## Required work
For the data that follows, return each line unchanged and drop the pictures.

## Source data
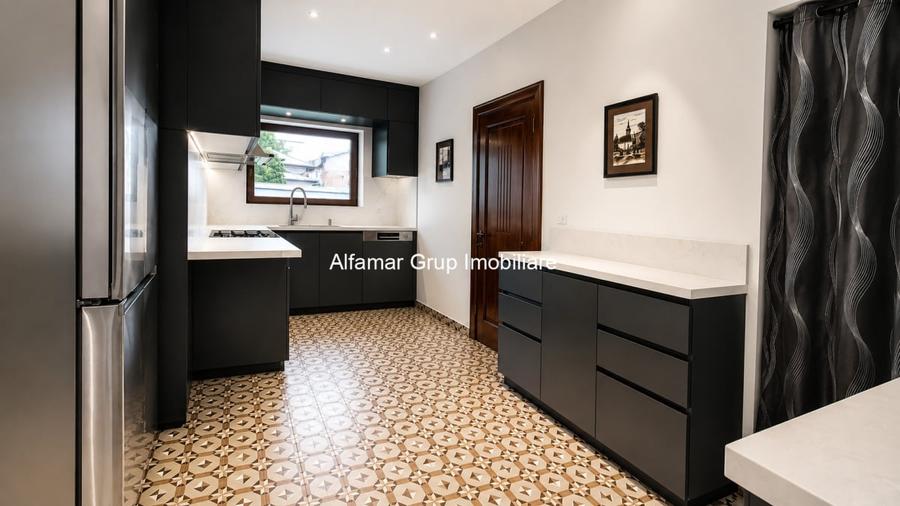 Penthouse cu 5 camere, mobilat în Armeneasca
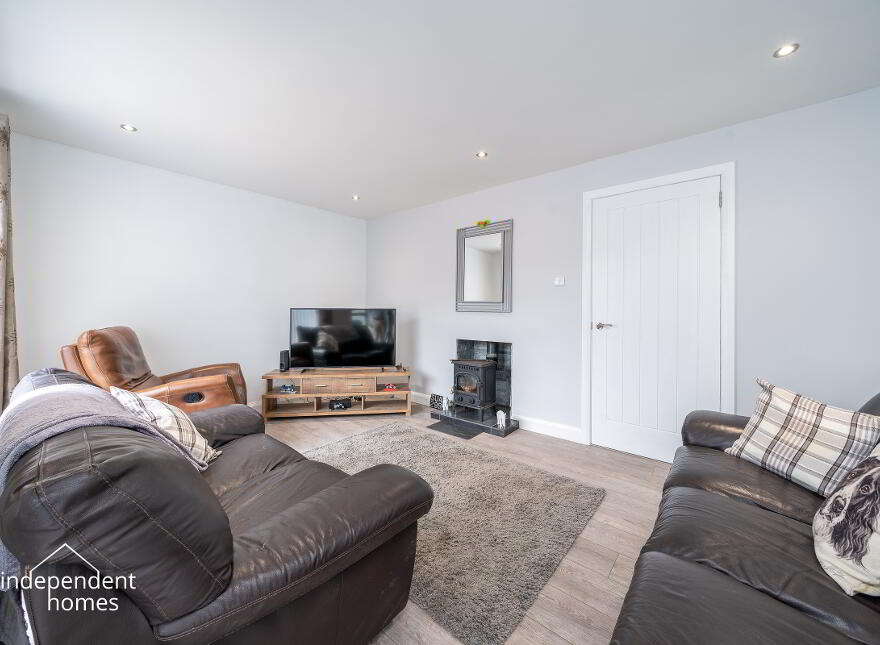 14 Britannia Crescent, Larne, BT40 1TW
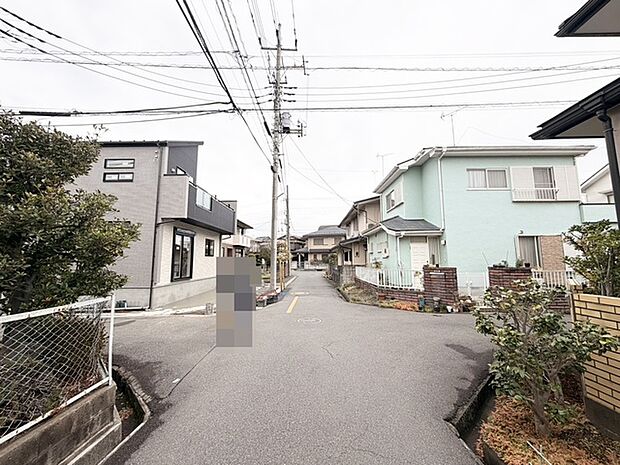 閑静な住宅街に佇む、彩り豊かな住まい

## Written reply
 Penthouse cu 5 camere, mobilat în Armeneasca
 14 Britannia Crescent, Larne, BT40 1TW
 閑静な住宅街に佇む、彩り豊かな住まい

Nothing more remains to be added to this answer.